Fire On The Mountain

Sound City, Southern Nigeria 06:45am

I jump off the bed and scamper to my prayer mat. My journal and Bible lie untouched. I rush my prayers. I have 5 minutes for everything: thanksgiving, for all the goodness I have received; prayers for my pastor and the church; prayers for God to raise godly leaders for Nigeria; prayers for my family scattered around the world, the new babies we have, and their mothers; prayers for wisdom, grace and favour; prayers for patience, lots and lots of patience.

I read just a verse of the Word today.

“There’s a way that seems right to a man but the end thereof is destruction.”

It gives me shivers.

6.55 am

I dash to the bathroom. I brush my teeth while doing squats. Brown love handles wobble and wriggle by my sides, I ignore them and keep squatting. I bath in two, dress in three. Ten minutes later, I am guzzling down cereal like a refugee. My wife, Mfoniso looks at me, snorts and shakes her head. I focus on the food, on making sure it doesn’t go the wrong way.

“Is the commissioner coming again?” She asks.

“Maybe.” I reply.

She walks over to me and gives me a peck. “Take it easy soldier. This too will pass.”

“Amen.” I say closing my eyes, drinking in her lavender and mint scent.

In a blink it all comes back to me. The life I led before everything imploded.

Snapshots of : lounging around the house in boxers, tending my plants, reading the papers, flick past like a pantomime. Those were good days, good times.

Everything changed when the fire nation attacked –sorry– health commissioners were swapped.

I want to hold her closer and get a full kiss. I want to drink the mint and lavender in, but my eye catches the clock on my phone and I grab my keys and run. I jog to the car, tucking in my shirt while I am at it.

7.10 am

I take deep breaths as I ease my Benz 190 down the street. The potholes are craters that I sink in and out of; sometimes I imagine I am driving on the moon. Soon I am on the dual carriage road that was resurfaced last week. It’s only in Nigeria that some roads get ‘resurfaced’ six times while some others are made of mud and craters.

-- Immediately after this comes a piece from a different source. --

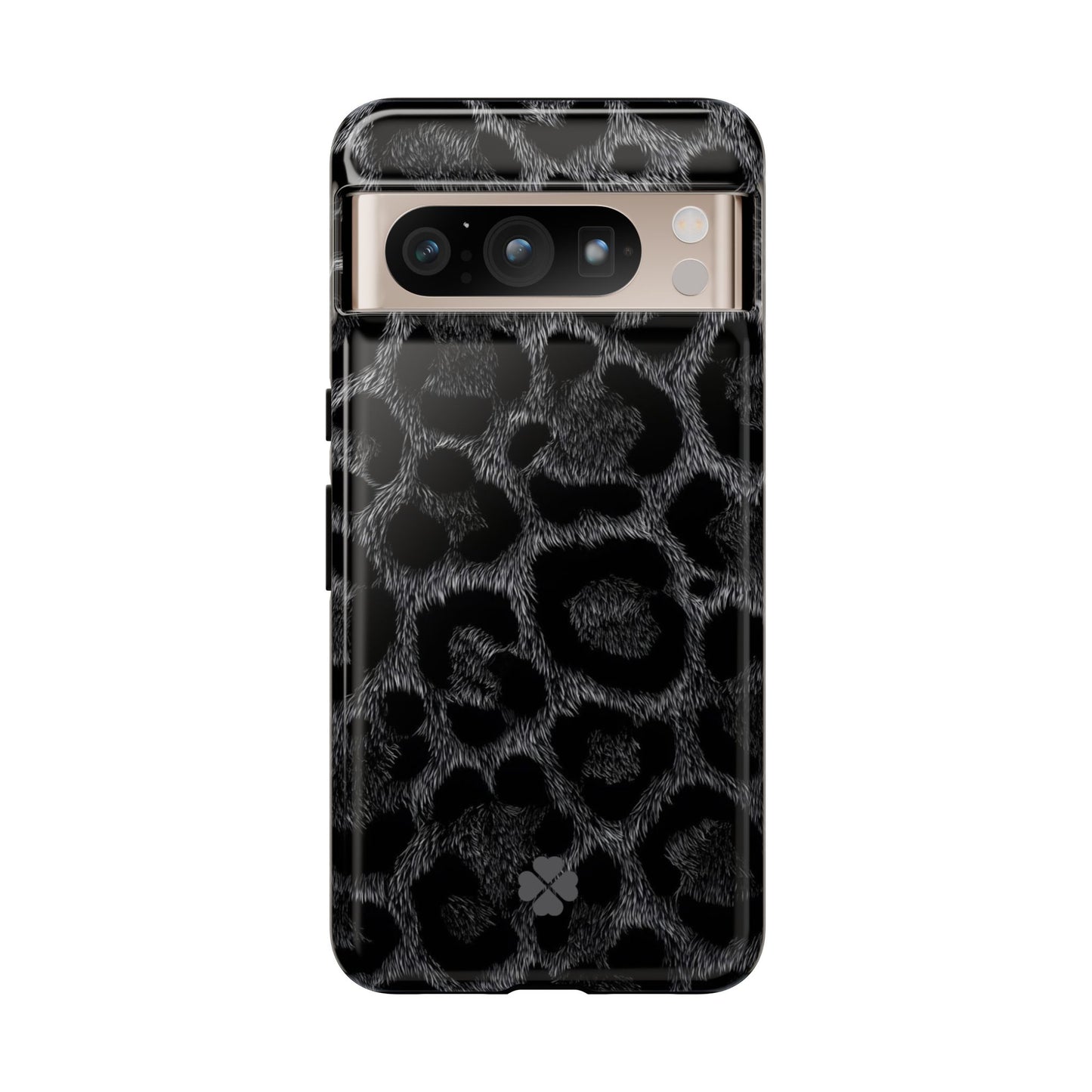 Grey Leopard Phone Case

I fly past the serene green of the playgrounds. Egrets jostle atop dying palms, white rollers in a balding black woman’s hair. Three black birds cackle among them and I wish I had the time to stop and stare. I wish I could google them, these three brave black birds in a gaggle of white.

7.15 am

I am almost at the crossroads. I have to think fast and decide which route I’ll take to CassavaLand. It takes forty minutes to get to CassavaLand if I drive through Obasanjo Way. CassavaLand is an ancient semi-urban town. I work as a medical officer in its general hospital. I apply for transfers every year. The director of medical services just laughs “All of you doctors want to stay in Sound City, the capital, ehn?” He says and tosses my letter ┬áback in the file, transfer declined.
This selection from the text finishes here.